Data provided section start
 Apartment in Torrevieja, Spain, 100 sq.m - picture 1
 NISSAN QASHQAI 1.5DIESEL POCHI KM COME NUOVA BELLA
Data provided section end
Data provided section start
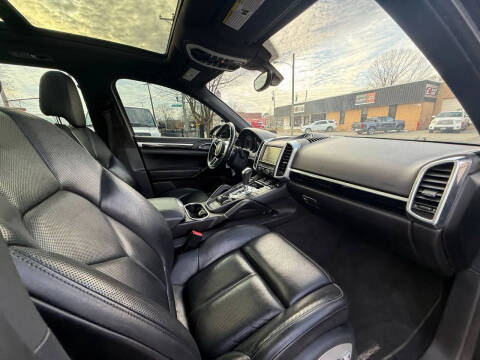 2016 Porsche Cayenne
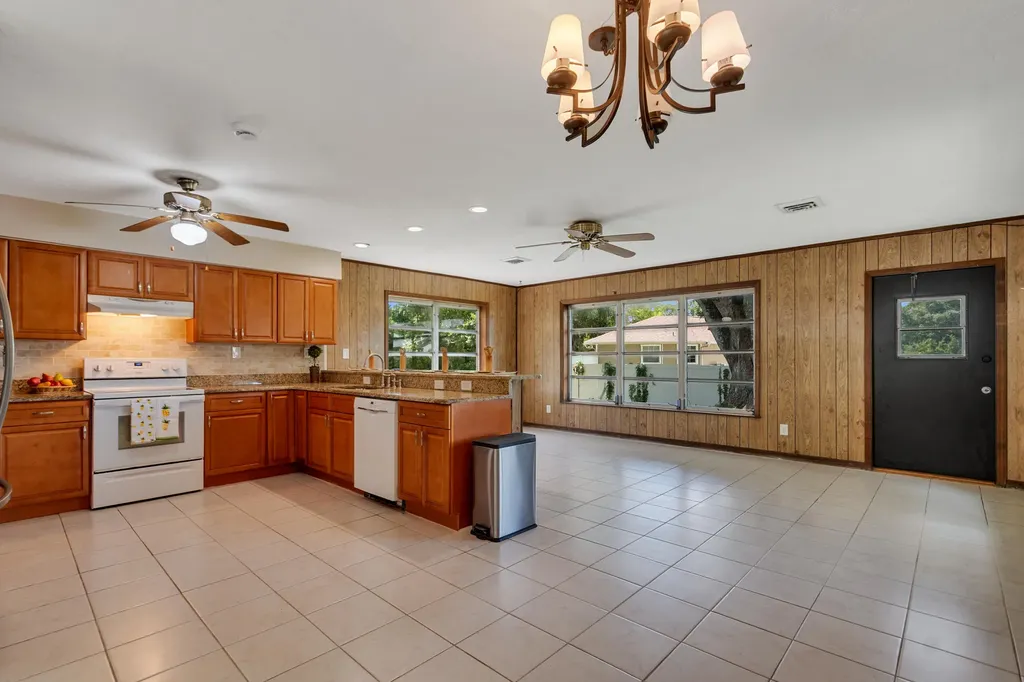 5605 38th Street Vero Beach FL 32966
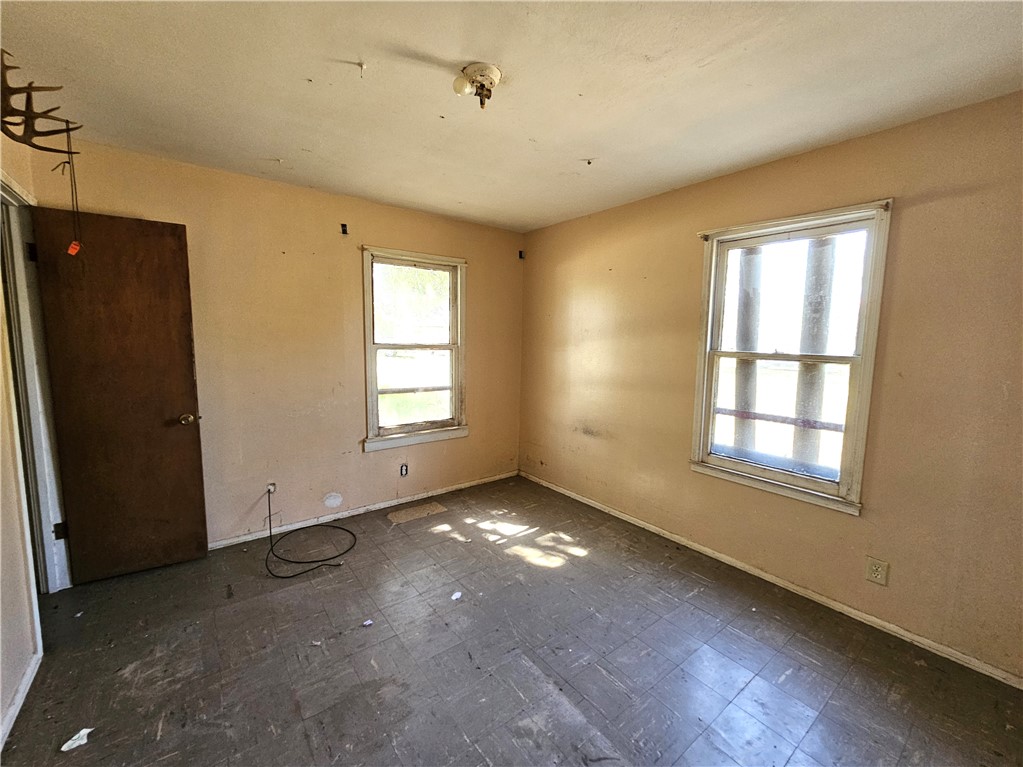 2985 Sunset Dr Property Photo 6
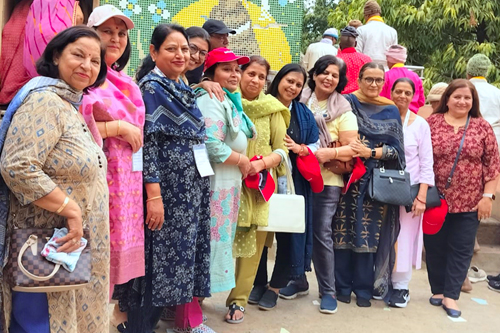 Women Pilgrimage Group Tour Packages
Data provided section end
Data provided section start
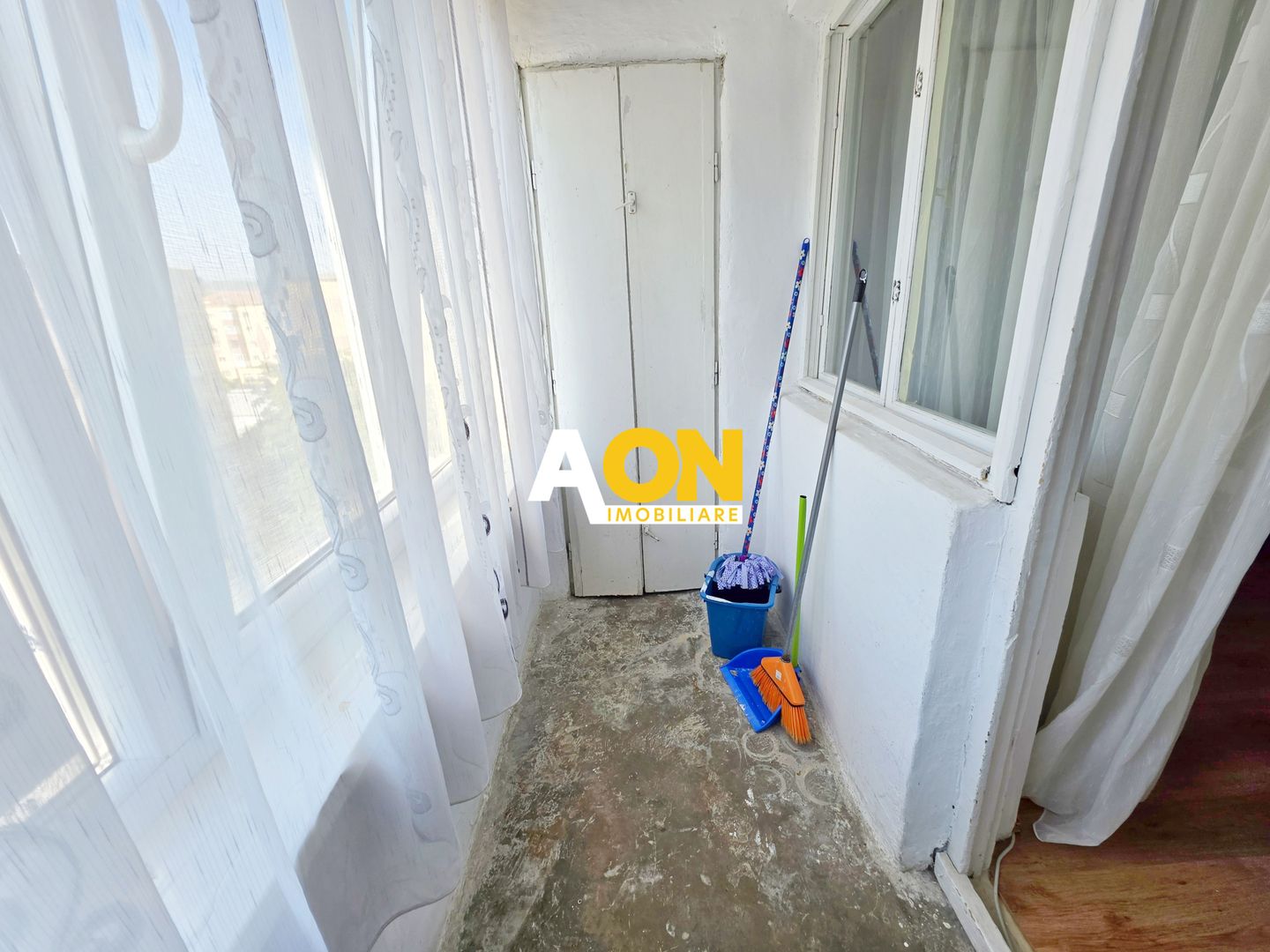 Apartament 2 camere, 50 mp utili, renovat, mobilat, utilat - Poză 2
Data provided section end
▶ _What you have to do_: Restate word for word the entries above from the line with "Apartment in Torrevieja, Spain, 100" through the line with "NISSAN QASHQAI 1.5DIESEL", inclusive, leaving out everything else.

▶ _Answer to this problem_:
 Apartment in Torrevieja, Spain, 100 sq.m - picture 1
 NISSAN QASHQAI 1.5DIESEL POCHI KM COME NUOVA BELLA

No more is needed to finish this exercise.